Voor zover [A] daarmee heeft willen betogen dat haar belang tot behoud van de bestaande toestand in de onderhavige procedure er louter uit bestaat dat zij uit hoofde van een nog te voeren schadestaatprocedure een mogelijk aanzienlijk bedrag van [B] c.s. toegewezen zal krijgen, geldt naar mijn mening dat een zodanig belang niet door de art. 233–235 Rv. wordt beschermd. Daarvoor gelden andere wettelijke regelingen. Voor zover [A] heeft willen betogen dat haar belang eruit bestaat dat zij voor de onderhavige betaling vanwege een andere mogelijke vordering op [B] c.s. een restitutierisico heeft te vrezen, ben ik van mening dat [A] deze stellingname onvoldoende met stukken of anderszins heeft onderbouwd.
2.8
Uit het voorgaande volgt dat de vordering van [B] c.s. m.i. moet worden toegewezen.
3. Conclusie
De conclusie strekt tot toewijzing van de incidentele vordering tot uitvoerbaarverklaring bij voorraad.
De Procureur-Generaal bij de Hoge Raad der Nederlanden
A-G
Voetnoten
Voetnoten Conclusie 20‑02‑2009
IER 1997, 34
IER 1999, 43 en BIE 2002, 19.
Zie het vonnis 24 juli 2002 van de rechtbank 's‑Gravenhage, eerste pagina, bij de beschrijving van de processtukken (waar abusievelijk ‘2002’ is vermeld).
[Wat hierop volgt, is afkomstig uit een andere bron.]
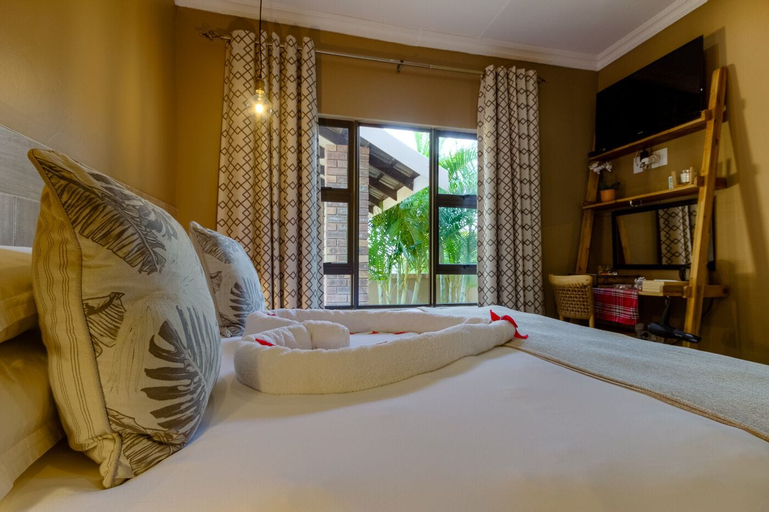Bedroom 3, St Lucia Livingston Lodge, Umkhanyakude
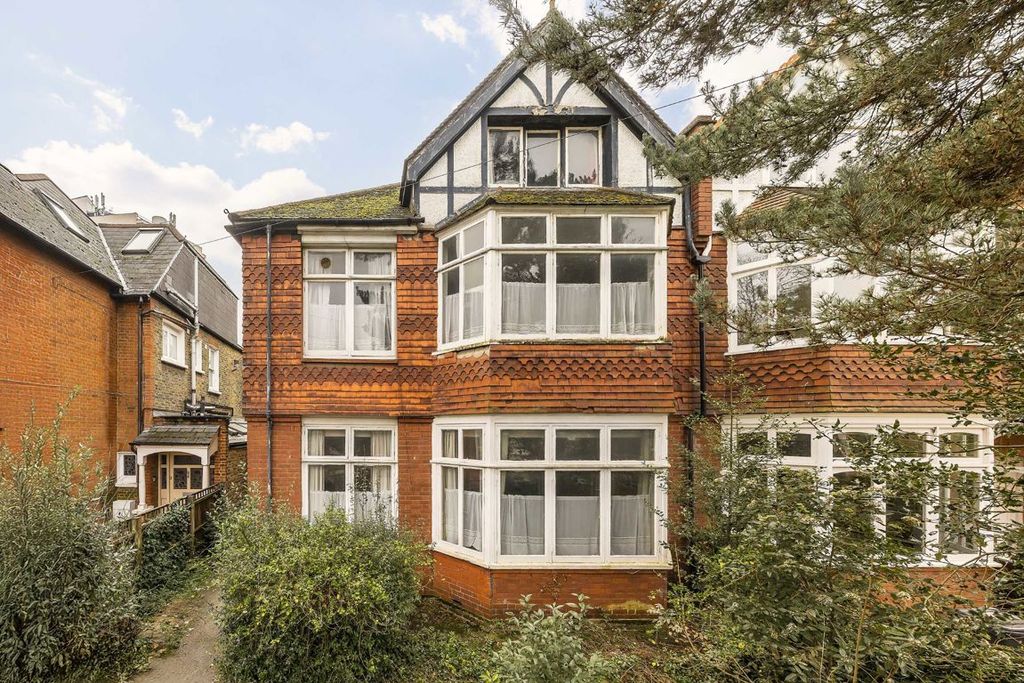 Property photo 1 of 5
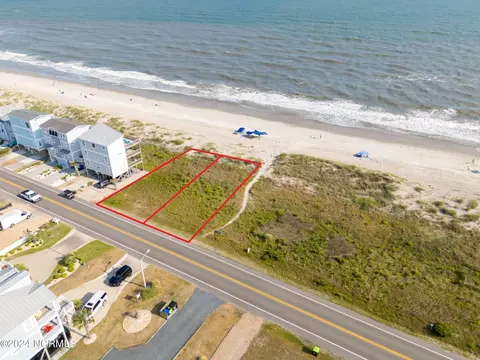 5215 E Beach Dr, Oak Island, NC 28465
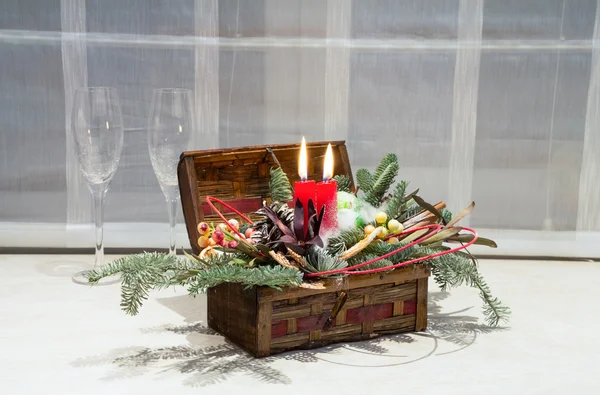 Christamas decoração para casa: caixa de madeira com velas, árvore de Christamas, flores e dois copos de vinho Imagem De Stock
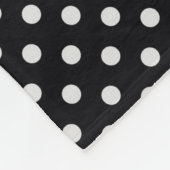 Schwarz-weißes Polka Dots Muster Fleecedecke (Ecke)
In het procesdossier A bevindt zich uitsluitend de aan [B1] uitgebrachte dagvaarding van 2 augustus 2000. In het B-dossier ontbreekt dit exploit.
Zie de pleitnotities mr. P. Burgers van 15 december 2005 onder 18–19, alsmede rov. 12 van het tussenarrest van 18 mei 2006, rov. 11 van het tussenarrest van 12 juli 2007 en rov. 12 van het eindarrest van 29 mei 2008.
Deze overweging is niet (nadien) in een dictum opgenomen.
De cassatiedagvaarding is op 16 juli 2008 uitgebracht.
Zie recentelijk HR 30 mei 2008, NJ 2008, 311 (Newbay/Staat), rov. 3.2.3 en voorts: HR 29 november 1996, NJ 1997, 684 (Gommans/Evers), HR 27 februari 1998, NJ 1998, 512 (Koster/Dieseraad).
HR 27 februari 1998, NJ 1998, 512 (Koster/Dieseraad), rov. 3.1.